At a first glance, this seems orthogonal to the other options being discussed. However, because these options are about managing upgrade costs, decreasing said costs could change the cost-benefit analysis on the others, so it seems worth keeping in mind here.

Have I missed any important aspects in this summary?

angerman commented 2 years ago

@Ericson2314 That is an interesting observation. I think it's more that my focus is on what my perceived challenges are that I hope a tick-tock cycle would address, whereas this proposal focuses on the how it want's to address this. I don't think the proposal focuses enough on not breaking the surface level language.

@AllanKinnaird your observation of the academic and commercial split in the haskell ecosystem is quite right. There certainly is that. Commercial applicant have to work with the tools available today; and they also don't derive any noticeable value from code churn. It costs (non-trivial) time to upgrade and brings no discernible benefits. Training folks on new GHC features also takes time. At the same time knowing in a commercial setting which features to use for which specific problem is a skill you acquire over a long period of time. The flexibility of the language means you'll need to make tradeoffs. Do you use monad transformers? And effect system? Type Families and Data Families? Do you want to use the lens library, and thus need everyone to be comfortable with these features?

I do not want to stop language exploration. I just want to put a significantly larger emphasis on ensuring that the surface level language stays the same (unless feature flags are provided). This will also greatly benefit the maintenance of GHC as there will be less churn all the time. It would allow us to have nightlies that can compile code we can compile today. We can thus also see if the compiler broke in other unexpected ways.

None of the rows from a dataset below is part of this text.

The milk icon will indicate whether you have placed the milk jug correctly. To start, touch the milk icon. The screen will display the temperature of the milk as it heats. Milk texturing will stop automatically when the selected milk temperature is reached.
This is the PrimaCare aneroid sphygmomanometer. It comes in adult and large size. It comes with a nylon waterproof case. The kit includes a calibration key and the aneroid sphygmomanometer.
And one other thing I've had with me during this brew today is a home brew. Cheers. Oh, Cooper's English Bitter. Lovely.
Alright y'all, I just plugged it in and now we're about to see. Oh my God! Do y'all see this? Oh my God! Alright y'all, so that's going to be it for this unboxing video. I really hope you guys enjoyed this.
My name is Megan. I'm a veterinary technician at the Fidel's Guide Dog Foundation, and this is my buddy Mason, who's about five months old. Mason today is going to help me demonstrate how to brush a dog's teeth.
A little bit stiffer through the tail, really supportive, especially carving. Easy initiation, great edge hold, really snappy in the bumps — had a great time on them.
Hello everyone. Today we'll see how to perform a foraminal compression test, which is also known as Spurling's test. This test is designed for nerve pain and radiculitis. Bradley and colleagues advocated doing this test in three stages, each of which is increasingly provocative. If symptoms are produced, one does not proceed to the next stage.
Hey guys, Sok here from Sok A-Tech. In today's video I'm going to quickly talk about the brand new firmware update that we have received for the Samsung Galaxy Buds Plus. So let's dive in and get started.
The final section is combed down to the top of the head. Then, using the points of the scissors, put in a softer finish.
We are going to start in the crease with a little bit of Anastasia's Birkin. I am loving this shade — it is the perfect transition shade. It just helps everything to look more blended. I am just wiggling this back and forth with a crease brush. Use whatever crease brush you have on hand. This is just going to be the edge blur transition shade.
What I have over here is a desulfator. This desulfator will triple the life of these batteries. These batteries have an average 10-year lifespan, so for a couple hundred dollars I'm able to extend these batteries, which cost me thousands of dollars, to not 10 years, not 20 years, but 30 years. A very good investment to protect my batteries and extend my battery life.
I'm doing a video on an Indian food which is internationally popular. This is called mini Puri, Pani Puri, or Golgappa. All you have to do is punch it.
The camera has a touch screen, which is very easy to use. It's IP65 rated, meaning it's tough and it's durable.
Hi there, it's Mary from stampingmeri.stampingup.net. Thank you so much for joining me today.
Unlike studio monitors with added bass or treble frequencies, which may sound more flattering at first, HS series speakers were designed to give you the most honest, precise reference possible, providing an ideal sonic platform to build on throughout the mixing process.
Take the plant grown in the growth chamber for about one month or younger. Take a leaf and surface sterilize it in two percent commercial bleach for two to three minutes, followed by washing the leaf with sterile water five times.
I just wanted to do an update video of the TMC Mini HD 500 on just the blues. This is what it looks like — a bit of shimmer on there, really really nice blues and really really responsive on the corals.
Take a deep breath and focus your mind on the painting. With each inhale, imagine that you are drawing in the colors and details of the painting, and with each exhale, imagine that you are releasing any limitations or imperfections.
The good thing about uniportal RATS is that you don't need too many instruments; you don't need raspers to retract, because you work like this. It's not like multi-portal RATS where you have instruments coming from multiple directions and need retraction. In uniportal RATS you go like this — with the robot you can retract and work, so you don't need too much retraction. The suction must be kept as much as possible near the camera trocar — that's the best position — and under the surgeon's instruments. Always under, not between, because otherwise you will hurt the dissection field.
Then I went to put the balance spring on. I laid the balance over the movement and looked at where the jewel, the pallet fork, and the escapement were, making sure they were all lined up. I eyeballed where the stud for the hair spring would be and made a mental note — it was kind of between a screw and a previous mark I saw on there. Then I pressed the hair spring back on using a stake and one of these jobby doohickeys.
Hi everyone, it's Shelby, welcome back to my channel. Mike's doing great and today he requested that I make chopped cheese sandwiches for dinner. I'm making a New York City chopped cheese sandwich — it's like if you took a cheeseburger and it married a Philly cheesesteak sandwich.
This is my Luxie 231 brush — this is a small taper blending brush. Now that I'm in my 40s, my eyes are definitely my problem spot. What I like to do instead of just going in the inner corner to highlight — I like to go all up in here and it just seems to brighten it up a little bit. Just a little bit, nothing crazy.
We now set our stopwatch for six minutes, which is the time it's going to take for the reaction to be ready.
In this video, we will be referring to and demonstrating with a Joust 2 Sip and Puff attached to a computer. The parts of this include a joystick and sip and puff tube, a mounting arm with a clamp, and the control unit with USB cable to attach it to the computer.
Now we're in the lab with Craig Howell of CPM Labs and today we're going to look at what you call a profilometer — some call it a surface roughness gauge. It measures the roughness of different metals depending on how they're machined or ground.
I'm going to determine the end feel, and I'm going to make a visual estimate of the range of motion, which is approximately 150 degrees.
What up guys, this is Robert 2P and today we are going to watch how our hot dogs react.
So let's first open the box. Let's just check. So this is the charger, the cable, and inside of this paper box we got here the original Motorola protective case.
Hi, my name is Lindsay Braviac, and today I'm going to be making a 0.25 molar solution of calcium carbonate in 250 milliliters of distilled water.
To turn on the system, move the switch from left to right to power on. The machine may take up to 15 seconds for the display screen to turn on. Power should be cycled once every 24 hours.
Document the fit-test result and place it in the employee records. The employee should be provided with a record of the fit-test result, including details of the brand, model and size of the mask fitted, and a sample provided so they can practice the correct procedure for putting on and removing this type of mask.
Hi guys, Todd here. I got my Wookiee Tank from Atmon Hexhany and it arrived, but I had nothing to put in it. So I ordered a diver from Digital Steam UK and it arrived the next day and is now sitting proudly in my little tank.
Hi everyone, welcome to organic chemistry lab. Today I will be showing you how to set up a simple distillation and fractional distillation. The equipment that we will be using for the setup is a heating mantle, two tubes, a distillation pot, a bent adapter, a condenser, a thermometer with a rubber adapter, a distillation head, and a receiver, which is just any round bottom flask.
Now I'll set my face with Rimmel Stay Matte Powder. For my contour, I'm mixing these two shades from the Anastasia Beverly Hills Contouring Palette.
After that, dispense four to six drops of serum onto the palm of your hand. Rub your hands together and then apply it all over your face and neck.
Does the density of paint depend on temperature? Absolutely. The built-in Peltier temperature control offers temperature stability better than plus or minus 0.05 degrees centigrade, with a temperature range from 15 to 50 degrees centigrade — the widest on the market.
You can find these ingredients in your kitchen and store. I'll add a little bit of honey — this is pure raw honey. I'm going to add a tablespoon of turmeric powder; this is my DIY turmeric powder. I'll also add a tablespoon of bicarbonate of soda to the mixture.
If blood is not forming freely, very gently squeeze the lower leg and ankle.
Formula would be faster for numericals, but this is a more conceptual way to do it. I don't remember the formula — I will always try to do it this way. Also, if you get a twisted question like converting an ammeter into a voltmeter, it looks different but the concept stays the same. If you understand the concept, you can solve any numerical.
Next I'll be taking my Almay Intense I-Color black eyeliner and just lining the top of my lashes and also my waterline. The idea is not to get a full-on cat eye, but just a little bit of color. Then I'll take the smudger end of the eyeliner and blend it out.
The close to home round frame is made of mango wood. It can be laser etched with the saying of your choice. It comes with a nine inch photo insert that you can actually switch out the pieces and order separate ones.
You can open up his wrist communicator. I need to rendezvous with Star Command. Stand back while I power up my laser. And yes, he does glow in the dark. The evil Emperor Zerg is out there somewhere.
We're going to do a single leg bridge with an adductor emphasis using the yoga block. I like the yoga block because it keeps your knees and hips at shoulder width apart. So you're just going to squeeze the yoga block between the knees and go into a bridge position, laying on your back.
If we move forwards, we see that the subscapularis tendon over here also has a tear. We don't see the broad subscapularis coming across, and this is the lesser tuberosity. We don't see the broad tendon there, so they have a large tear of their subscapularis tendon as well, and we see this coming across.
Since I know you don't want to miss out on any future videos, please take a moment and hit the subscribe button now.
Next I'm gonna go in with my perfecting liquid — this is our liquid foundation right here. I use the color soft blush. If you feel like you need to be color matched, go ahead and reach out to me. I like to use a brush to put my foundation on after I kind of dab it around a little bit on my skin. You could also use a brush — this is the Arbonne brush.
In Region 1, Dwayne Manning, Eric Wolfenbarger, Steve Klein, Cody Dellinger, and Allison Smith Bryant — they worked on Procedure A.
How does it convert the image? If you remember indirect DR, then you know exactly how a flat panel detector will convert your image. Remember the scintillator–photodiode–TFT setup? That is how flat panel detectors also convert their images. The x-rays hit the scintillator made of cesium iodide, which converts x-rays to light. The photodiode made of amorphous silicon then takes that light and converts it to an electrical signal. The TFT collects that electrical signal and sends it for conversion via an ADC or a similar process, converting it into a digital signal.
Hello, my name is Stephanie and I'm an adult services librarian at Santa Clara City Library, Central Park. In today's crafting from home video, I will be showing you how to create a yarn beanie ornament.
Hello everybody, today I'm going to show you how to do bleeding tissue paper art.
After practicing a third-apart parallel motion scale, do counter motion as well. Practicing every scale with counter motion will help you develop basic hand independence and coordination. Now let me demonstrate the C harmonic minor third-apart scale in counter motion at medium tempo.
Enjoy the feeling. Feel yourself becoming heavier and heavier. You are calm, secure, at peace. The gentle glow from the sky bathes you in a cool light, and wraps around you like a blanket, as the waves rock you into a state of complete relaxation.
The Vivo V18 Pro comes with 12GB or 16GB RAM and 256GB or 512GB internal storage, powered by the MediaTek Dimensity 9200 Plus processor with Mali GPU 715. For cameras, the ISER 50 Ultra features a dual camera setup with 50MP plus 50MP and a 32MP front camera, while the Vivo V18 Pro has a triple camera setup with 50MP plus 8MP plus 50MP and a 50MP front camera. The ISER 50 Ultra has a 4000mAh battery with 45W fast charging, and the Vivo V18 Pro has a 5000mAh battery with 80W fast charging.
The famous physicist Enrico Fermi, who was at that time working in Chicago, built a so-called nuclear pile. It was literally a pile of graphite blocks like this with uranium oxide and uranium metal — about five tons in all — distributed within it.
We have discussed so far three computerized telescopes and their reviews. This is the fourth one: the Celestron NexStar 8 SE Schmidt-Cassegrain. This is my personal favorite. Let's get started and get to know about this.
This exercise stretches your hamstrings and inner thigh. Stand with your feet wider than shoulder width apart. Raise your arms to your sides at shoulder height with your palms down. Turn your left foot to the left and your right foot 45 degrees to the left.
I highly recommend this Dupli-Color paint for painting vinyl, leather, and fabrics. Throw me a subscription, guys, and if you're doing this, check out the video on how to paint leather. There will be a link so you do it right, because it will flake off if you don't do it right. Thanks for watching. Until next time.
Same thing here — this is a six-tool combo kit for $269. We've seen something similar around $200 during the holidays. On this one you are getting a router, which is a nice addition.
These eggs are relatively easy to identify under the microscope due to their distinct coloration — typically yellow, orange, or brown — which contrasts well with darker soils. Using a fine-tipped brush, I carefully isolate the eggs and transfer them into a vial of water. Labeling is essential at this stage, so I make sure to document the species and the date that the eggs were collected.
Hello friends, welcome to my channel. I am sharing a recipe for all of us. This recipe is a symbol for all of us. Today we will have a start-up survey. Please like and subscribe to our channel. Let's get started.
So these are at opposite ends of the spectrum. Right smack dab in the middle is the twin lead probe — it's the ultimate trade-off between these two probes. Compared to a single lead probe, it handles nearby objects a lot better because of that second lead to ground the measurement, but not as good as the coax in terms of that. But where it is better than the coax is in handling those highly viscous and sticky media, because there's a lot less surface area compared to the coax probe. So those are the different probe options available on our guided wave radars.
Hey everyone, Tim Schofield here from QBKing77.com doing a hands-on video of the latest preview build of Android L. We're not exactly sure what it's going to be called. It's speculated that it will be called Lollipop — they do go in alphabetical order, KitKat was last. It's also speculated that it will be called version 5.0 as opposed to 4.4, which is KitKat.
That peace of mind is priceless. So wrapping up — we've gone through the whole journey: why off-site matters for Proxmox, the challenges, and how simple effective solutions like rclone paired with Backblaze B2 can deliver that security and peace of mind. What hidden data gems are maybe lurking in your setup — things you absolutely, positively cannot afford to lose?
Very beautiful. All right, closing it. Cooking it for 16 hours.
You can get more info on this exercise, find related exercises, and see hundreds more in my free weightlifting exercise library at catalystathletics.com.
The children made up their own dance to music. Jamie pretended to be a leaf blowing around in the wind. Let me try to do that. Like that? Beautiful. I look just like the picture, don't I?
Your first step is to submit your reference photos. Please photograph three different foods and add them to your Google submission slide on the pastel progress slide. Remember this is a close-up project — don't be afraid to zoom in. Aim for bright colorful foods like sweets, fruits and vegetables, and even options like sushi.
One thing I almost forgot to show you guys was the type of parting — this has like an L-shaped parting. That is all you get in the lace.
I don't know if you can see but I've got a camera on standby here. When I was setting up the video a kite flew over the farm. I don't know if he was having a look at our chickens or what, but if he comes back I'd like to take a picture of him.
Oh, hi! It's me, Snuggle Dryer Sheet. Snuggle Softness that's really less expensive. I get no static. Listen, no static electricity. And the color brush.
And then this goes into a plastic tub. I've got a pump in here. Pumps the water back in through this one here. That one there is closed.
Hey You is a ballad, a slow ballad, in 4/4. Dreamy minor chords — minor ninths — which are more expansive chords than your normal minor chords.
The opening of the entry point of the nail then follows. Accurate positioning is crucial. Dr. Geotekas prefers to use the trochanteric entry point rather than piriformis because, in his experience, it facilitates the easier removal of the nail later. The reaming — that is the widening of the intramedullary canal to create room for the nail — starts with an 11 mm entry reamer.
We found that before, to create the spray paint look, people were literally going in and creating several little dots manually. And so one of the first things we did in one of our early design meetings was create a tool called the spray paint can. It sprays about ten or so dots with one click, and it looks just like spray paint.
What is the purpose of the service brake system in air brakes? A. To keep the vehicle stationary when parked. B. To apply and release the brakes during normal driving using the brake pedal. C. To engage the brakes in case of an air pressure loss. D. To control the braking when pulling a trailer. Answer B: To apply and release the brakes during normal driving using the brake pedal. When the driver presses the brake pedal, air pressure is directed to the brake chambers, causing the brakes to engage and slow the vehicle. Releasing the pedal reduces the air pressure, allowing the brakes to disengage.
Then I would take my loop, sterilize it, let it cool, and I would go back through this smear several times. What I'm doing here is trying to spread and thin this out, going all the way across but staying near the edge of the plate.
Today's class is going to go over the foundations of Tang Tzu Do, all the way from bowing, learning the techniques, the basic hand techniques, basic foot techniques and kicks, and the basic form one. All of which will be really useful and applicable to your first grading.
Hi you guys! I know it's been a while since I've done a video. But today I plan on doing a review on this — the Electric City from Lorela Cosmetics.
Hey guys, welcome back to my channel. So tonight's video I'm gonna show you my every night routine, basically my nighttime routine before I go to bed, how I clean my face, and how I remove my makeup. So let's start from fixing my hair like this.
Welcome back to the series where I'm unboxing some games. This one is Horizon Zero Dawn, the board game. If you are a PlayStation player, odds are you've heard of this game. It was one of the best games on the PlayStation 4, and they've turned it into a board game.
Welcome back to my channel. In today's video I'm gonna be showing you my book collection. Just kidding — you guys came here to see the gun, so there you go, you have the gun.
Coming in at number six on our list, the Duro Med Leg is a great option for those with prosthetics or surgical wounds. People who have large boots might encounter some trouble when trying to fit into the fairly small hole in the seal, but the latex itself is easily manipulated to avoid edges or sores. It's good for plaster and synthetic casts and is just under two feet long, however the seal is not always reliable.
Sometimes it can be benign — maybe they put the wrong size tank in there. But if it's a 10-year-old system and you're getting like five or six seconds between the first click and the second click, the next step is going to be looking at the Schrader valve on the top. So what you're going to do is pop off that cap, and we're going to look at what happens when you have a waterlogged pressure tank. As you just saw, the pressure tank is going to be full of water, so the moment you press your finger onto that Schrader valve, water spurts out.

My view on @hasufell's three points is as follow:

yes we needed aarch64 support in GHC, to keep it a relevant compiler. We did have some aarch64 support via the llvm backend, but that was slow and not well tested. Adding aarch64-darwin, made us trip over some shortcuts GHC had taken in the past wrt to subword types and c calling conventions. So this had to be retrofitted. The fact that GHC 8.10.7 can build for aarch64-darwin just fine with absolutely minimal surface level changes (you really just need to be correct about the argument size to C calls, and if you are not, things will break--that they didn't break before was just sheer luck!), should show that this change wasn't even a surface level change. The fact that doing subword support right also allowed us to remove other warts is what gave us a bit of churn at the low level; this (Subword array ops, ...) however was the result of taking advantage of the new subword support in GHC. It was enabled by, but not mandated by the new codegen.
Was the move from make to hadrian necessary? That's probably a topic to be debated. I still believe we should eventually just use cabal, and hadrian (to me) is just a vehicle on our journey there. It basically does what cabal does, but improves a few things to fit the needs of GHC more (and allow cross package parallelism). Again a change, which slowly pushes us to do the right thing (isolate packages). I truly believe GHC should be built using the haskell build tool, not being able to build GHC with it, is an acknowledgement of it not being good enough. We should fix cabal, instead of re-inventing it! The make system was just untenable to keep up with. Decades of cruft layered on top of each other; could we have started afresh with autotools and written a workable buildsystem? Probably. Same would hold likely true for any other build system we could have used. The fact that each buildsystem would somehow need to either be able to read .cabal files or replicate them, or ghc libraries not using .cabal file but the build systems package description is where the biggest contention would be. While annoying to adapt to hadrian, it has no surface level changes, and for the casual haskell user is a completely invisible change. I'm not claiming it has no effects on packaging and distribution. But from an end user perspective, we still have binary distributions that install pretty much as before.
subsumptions is the most recent one that made GHC reject programs it previously accepted.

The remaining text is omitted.